Deniz üstü RES’lerle ilgili tüm kesimlerin katılımıyla bir yol haritası hazırlanması gerektiğini dile getiren Pamir’e göre karasal GES’ler ve RES’ler de verimli arazilere, yeşil alanlara, ormanlara değil, bu kaynak potansiyellerinin olduğu çorak tepelere kurulmalı.

[Akbelen İkizköy, Fotoğraf: Bulent Kilic/AFP/Getty Images]
Doğanın tahrip edilmesine, flora ve fauna kaybına yol açabilecek yanlış uygulamaların sona ermesi gerektiğine vurgu yapan Pamir, “Enerji projelerine ilişkin yatırım kararlarında ilgili projelerin topluma fayda ve maliyetlerini değerlendiren Çevresel Etki Değerlendirme (ÇED), Sosyal Etki Değerlendirme, Sağlık Etki Değerlendirme, Ekonomik Fayda Maliyet Analizi, Sosyal Analiz, Sosyo-kültürel Analiz, Bölgesel Analiz gibi nesnel, somut ve ölçülebilir kriterler esas alınmalı” diye konuşuyor.

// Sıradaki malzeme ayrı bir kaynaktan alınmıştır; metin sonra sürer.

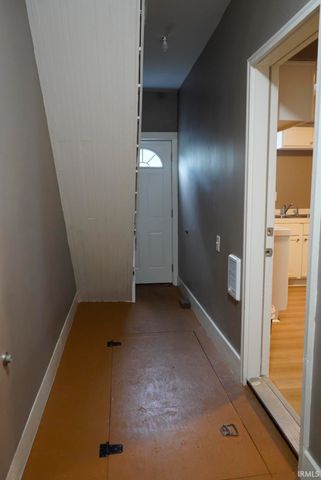 1421 Linden Avenue, South Bend, IN 46628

“Körfez ülkeleriyle iş birliği net değil”
Öte yandan, Cumhurbaşkanı Erdoğan’ın Körfez ziyareti sonrası Enerji ve Tabii Kaynaklar Bakanı Alparslan Bayraktar, Suudi Arabistan ve Birleşik Arap Emirlikleri’nin (BAE) Türkiye ile yenilenebilir enerji projeleri geliştirmek istediklerini belirtmiş, maddi olarak miktarı netleşmese de Türkiye’nin enerji sektöründe Körfez ülkeleri ile önemli bir iş birliği gerçekleştirmeyi hedeflediğini ve 4-5 bin megavatlık yenilenebilir enerji projelerine ilgi duyulduğunu ifade etmişti.
Ancak enerji uzmanları, Körfez ülkeleriyle yenilenebilir enerji projelerinde iş birliğine dair ortaya konan somut bir projenin henüz bulunmadığını vurguluyor.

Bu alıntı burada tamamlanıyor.